United States Court of Appeals, Ninth Circuit
Mar 31, 1997
109 F.3d 1471 (9th Cir. 1997)

Summary

holding that a claim satisfying diversity requirements satisfies jurisdictional requirements for declaratory judgment

Summary of this case from Morgan Stanley & Co. v. Couch

Opinion

Nos. 94-15932, 94-16510

Argued and Submitted May 9, 1996 Submission Deferred January 21, 1997 Resubmitted March 19, 1997 — Honolulu, Hawaii.

Filed March 31, 1997

Carleton B. Reid, Matthew S. Kohm, Reid, Richards Miyagi, Honolulu, Hawaii, for plaintiff-appellant.

Michael K. Tateishi, Laureen L. Martin, Tateishi Apo, Wailuku, Hawaii, for defendants-appellees.

Appeals from the United States District Court for the District of Hawaii, Samuel P. King, District Judge, Presiding.

D.C. No. CV-93-00936-SPK

Before: Betty B. Fletcher, Dorothy W. Nelson, and William C. Canby, Circuit Judges.


OPINION


Budget Rent-A-Car Systems, Inc. sought in federal court a declaratory judgment that it had no duty to defend or indemnify Alan Stauber or Tammie Deponte for the injuries George and Sharon Higashiguchi sustained in an incident involving a Budget rental car. The district court found that the amount in controversy did not exceed the $50,000 jurisdictional requirement of 28 U.S.C. § 1332, and granted the Higashiguchis' motion to dismiss for lack of subject matter jurisdiction. Budget appeals the dismissal. We have jurisdiction under 28 U.S.C. § 1291. We reverse the district court's dismissal of Budget's action because Budget may aggregate its multiple claims against each defendant to reach the jurisdictional amount.

I.

We recite the facts as accepted by the district court for purposes of its decision. In March 1992, Stauber rented a car from Budget. Under the terms of the Rental Agreement that Stauber signed, Budget extended to Stauber and to any other Authorized Driver liability coverage for bodily injury and property damage. In accordance with Hawaii law, the liability coverage under the Rental Agreement required Budget to indemnify its insureds for "not less than $35,000 for all damages arising out of accidental harm sustained by any one person as a result of any one accident." Haw. Rev. Stat. § 431:10C-301(b)(1) (1991).

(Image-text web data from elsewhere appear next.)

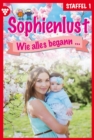 E-Book 1-10 : Sophienlust, wie alles begann Staffel 1 - Familienroman - eBook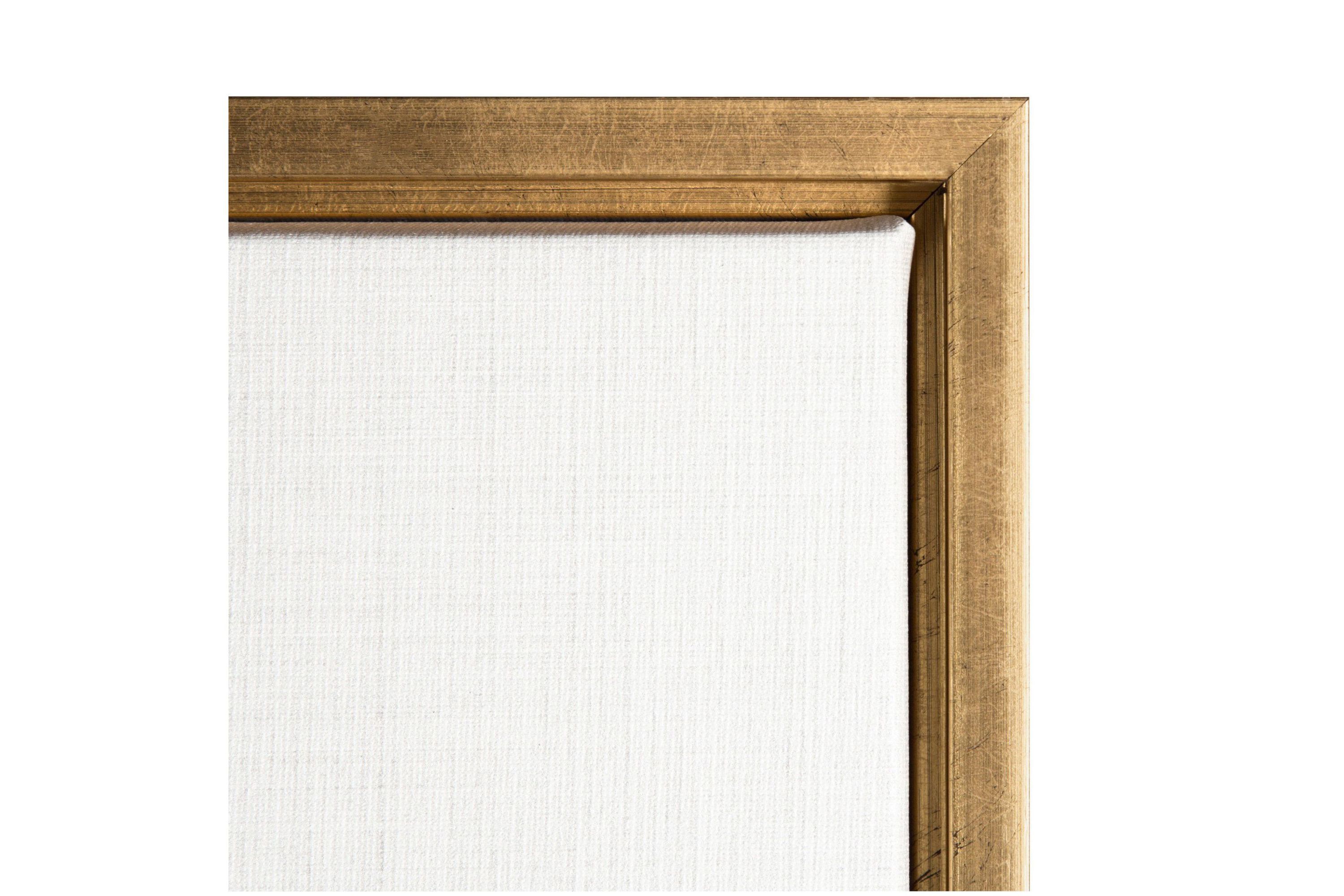 Transparent Beauty III (Floral) Framed Canvas Wall Art Print
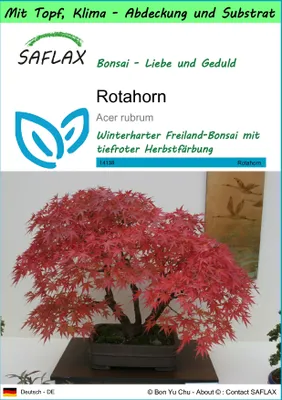 Produktbild von SAFLAX Garden to go - Rotahorn - Acer rubrum - 20 Samen - Mit Topf, Klima - Deckel und Anzuchtsubstrat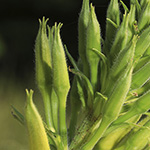 Oenothera pycnocarpa - Dickfrüchtige Nachtkerze
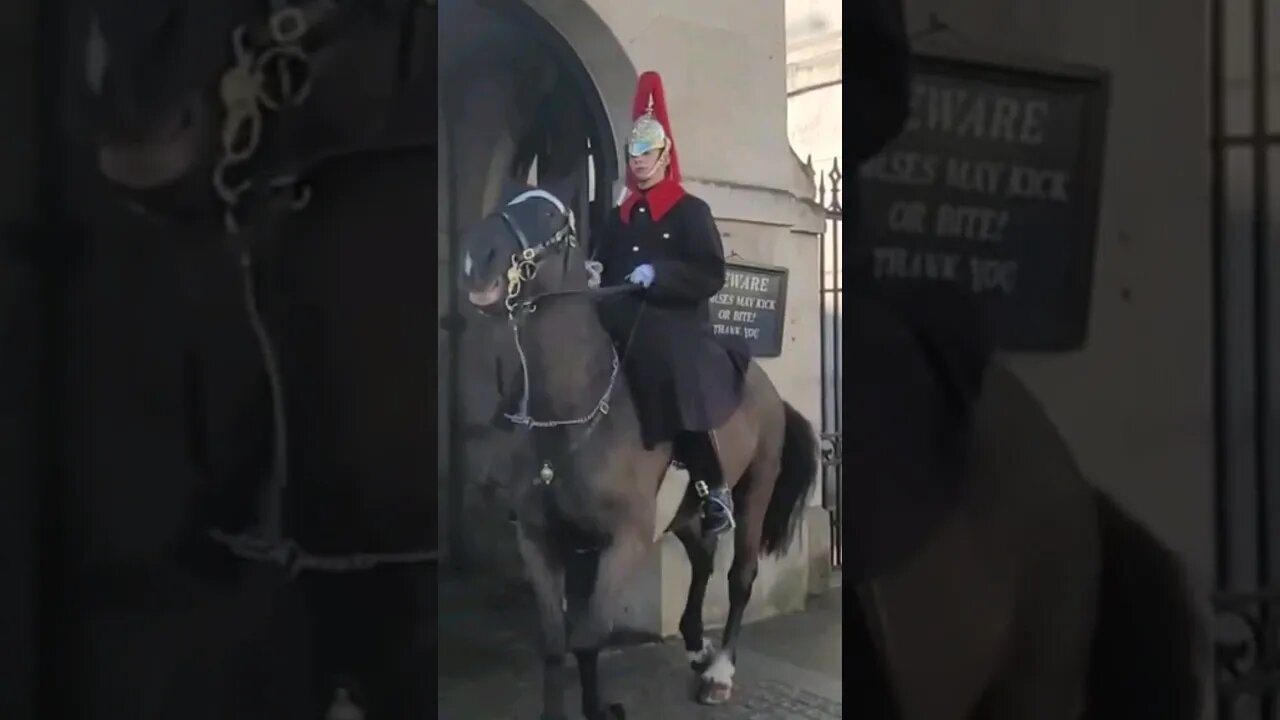 Horse freaks out #horseguardsparade
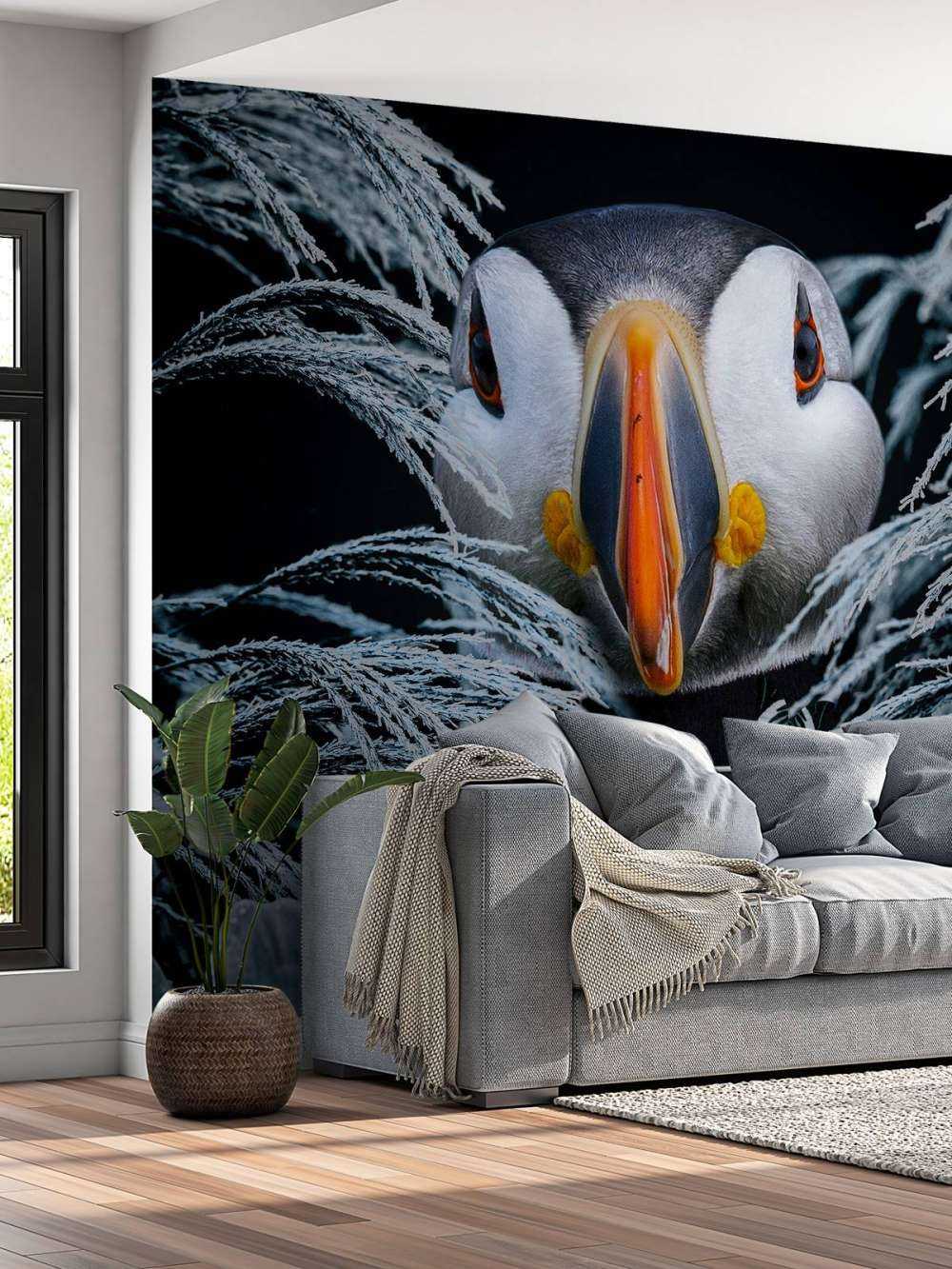 Atlantic Puffins Porträt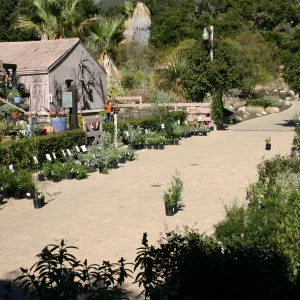Courtyard, SBBG event location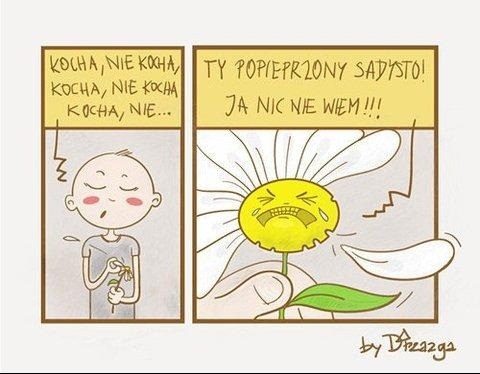 Kocha, nie kocha...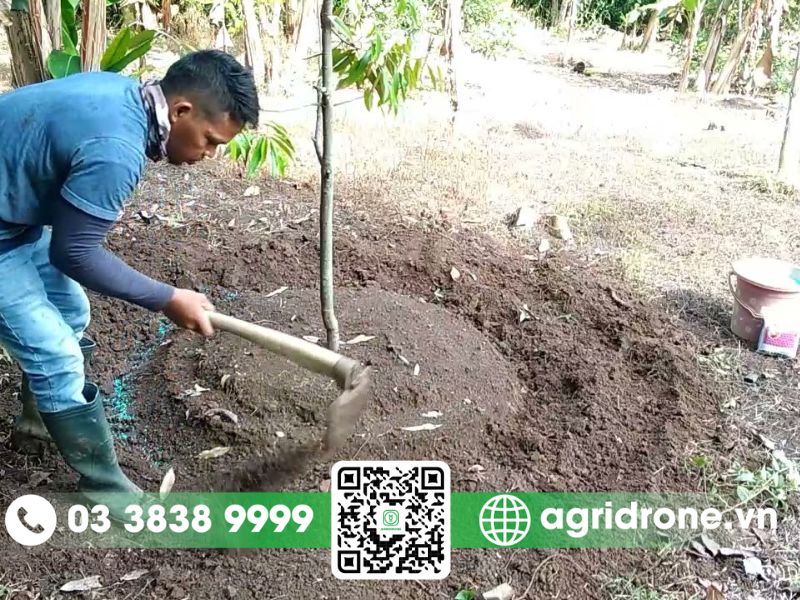 5 phương pháp bón phân cho chôm chôm tăng năng suất, trái to đều 2 5 phương pháp bón phân cây chôm chôm đạt hiệu quả cao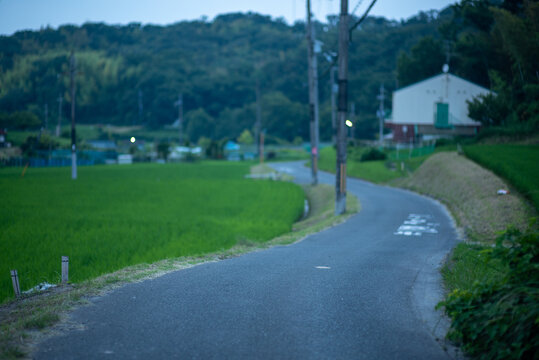 Winding walking way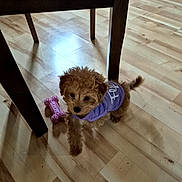 Piper is registered to the contest to win money with this photo: puppy, dog, small_dog, purple_shirt, wooden_floor, toy, pink_toy, indoor, flooring, chair_leg, pet, cute, fur, curious, standing, tail, looking_up, domestic_animal, canine, companion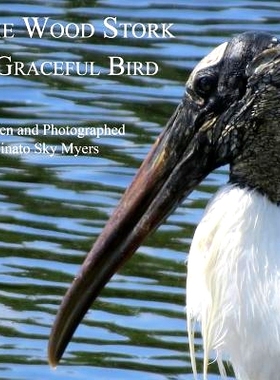 预订 The Wood Stork: A Graceful Bird: 9781722781583
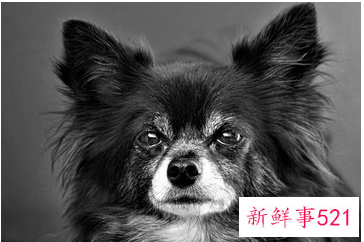 狗的名字带有平安寓意的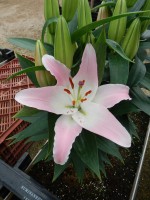 [4234 Sunny Cypres No02.JPG]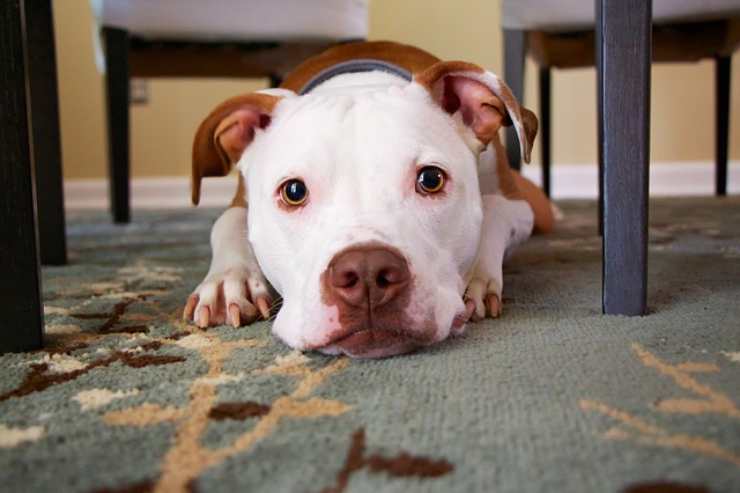 perro acostado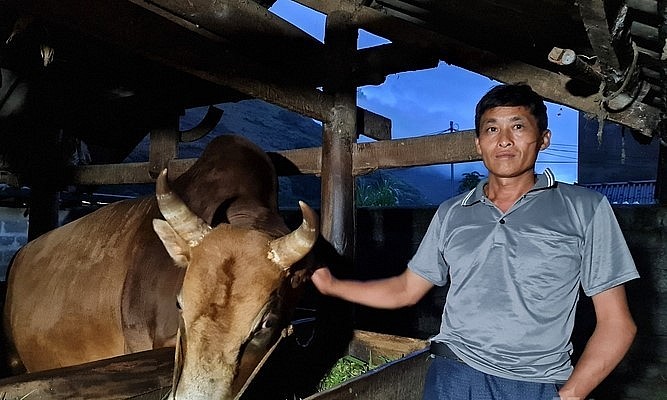 Con bò vàng nặng hơn 6 tạ của Sùng Chú Ly. Ảnh: Đào Thanh.
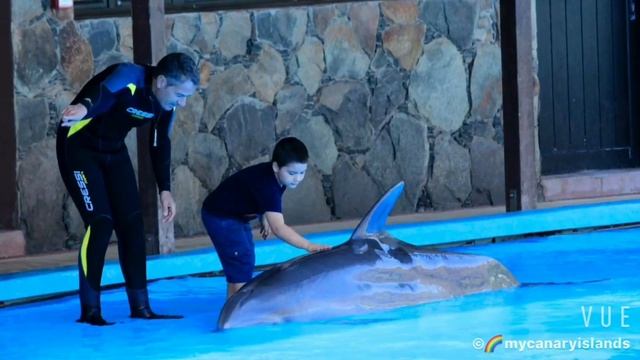Palmitos Park,Gran Canaria,Spain смотреть онлайн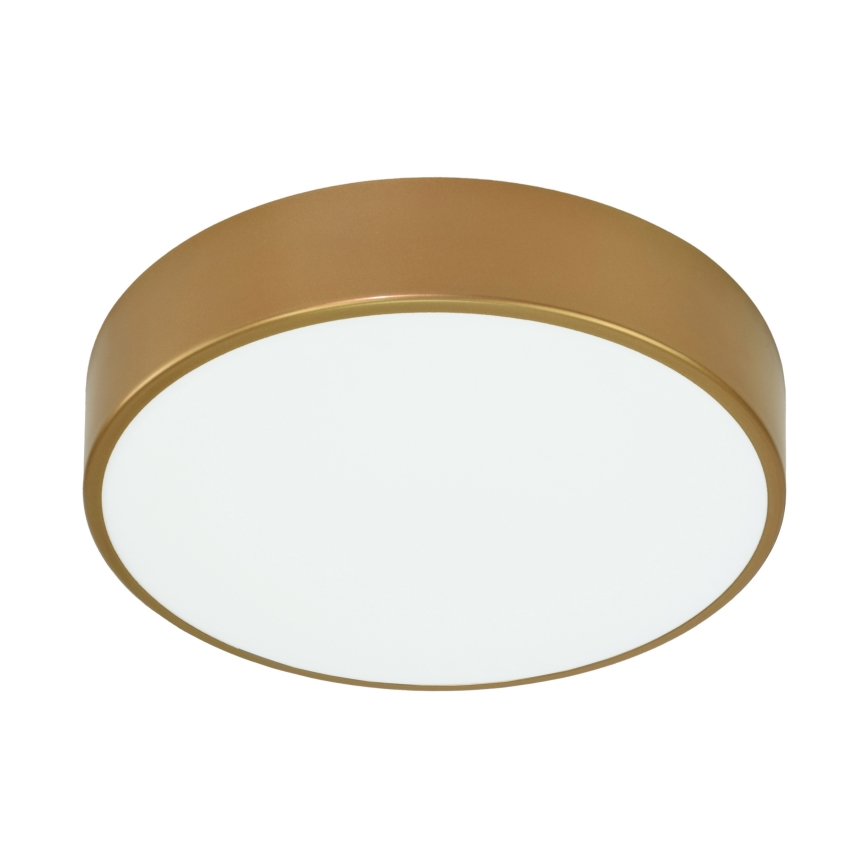 Brilagi - Plafón de baño CLARE 2xE27/24W/230V diá. 40 cm IP54 dorado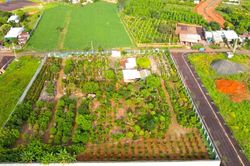 Vì sao chưa thu hồi được hơn 15 tỉ đồng tiền cọc đấu giá đất tại Gia Lai?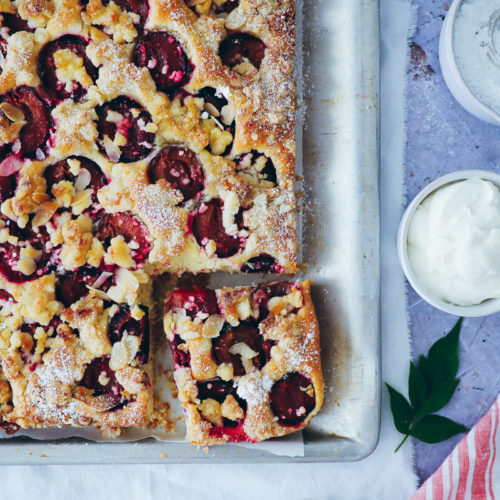 Pflaumenkuchen Zwetschgenkuchen Streuselkuchen Blech Rezept plum streusel sheet cake foodstyling food photography 1000 gute gruende obst zuckerzimtundliebe german cake recipe sommerkuchen pflaumenrezept zwetschgenkuchen ohne hefe einfacher kuchen foodstyling food photography backblog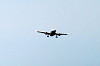 haneda_0946_mini.jpg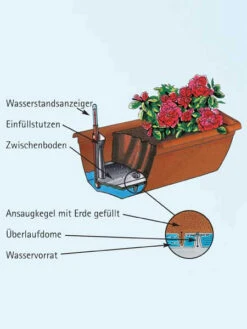 Blumenkasten Aqua Green -Garten Gefuehl aquaandalucia detail 77365 1 77388 1 1280x1280
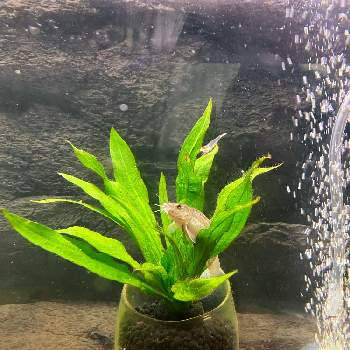 ミナミヌマエビ の投稿画像一覧 Greensnap グリーンスナップ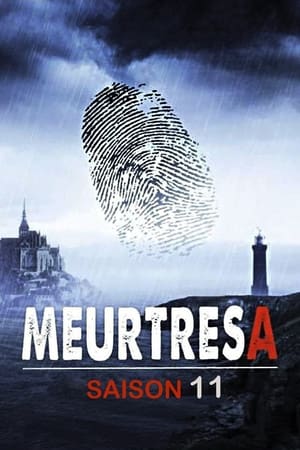 Meurtres à... - saison 11 poster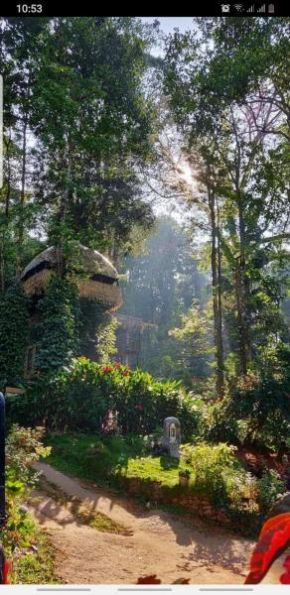 Tree Top Jungle Jive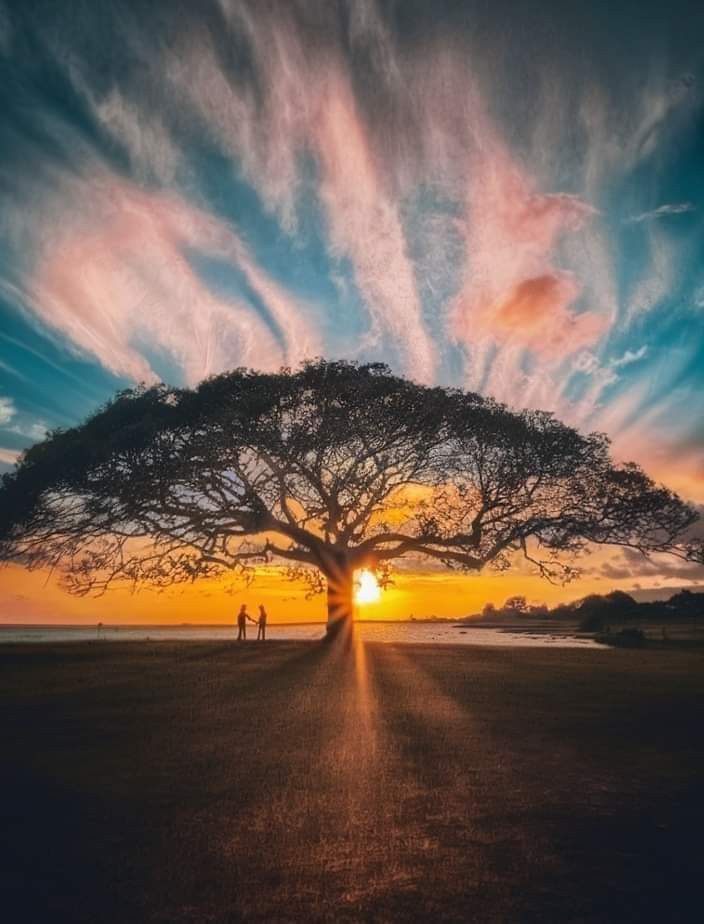 Australias Conservationist helps farmers protect ‘paddock trees’ and restore degraded land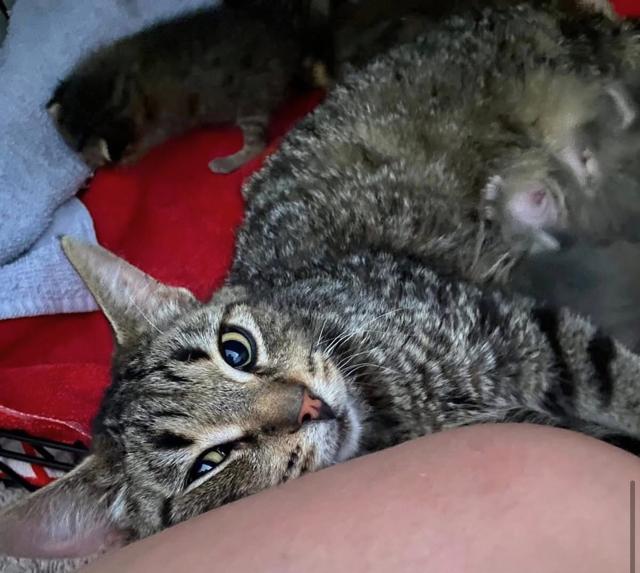 Enlarge Mint Julep, a ADOPTABLE Domestic Short Hair in Johnsburg, IL image 5/6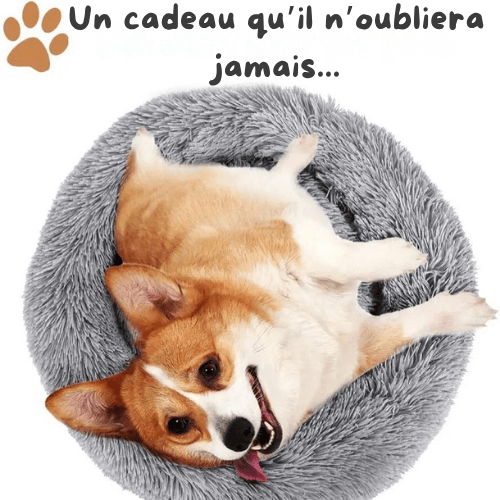 RêveBed™ – Lit apaisant pour chien – Moelleux, anti-stress et sécurisé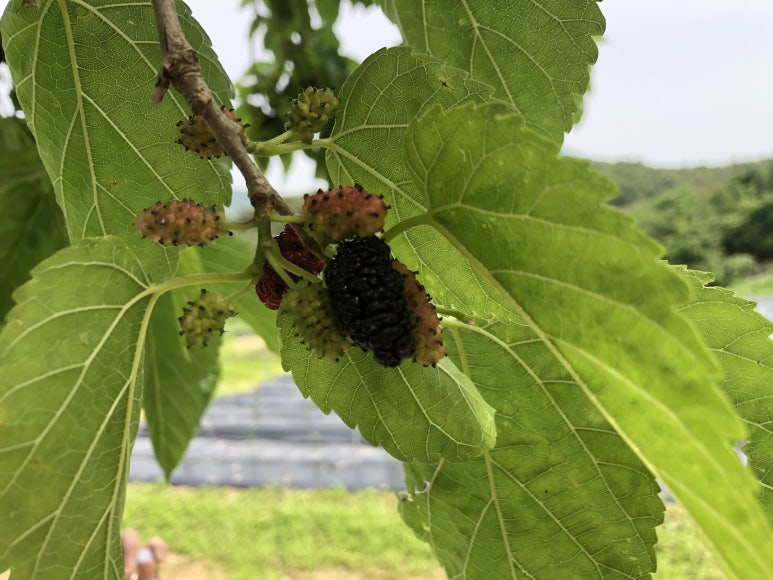 오오디헤어 이미지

The 1992 amendment to H.R.S. § 431:10C-301(b)(1), which lowered the coverage requirement to $25,000, became effective on January 1, 1993.

After obtaining the rental car, Stauber, accompanied by Deponte, drove to the Higashiguchis' home. When Sharon and her granddaughter, Daphne, approached the car to talk with Deponte, Stauber and Deponte allegedly attempted to abduct Daphne. An altercation ensued. During the altercation Stauber and Deponte allegedly assaulted George and Sharon. Sharon was injured when she was shoved from the car. George was injured when he leaned into the driver's door of the car in an attempt to remove the keys from the ignition. George was thrown against the car and fell to the ground, and Stauber drove the car over George's right foot.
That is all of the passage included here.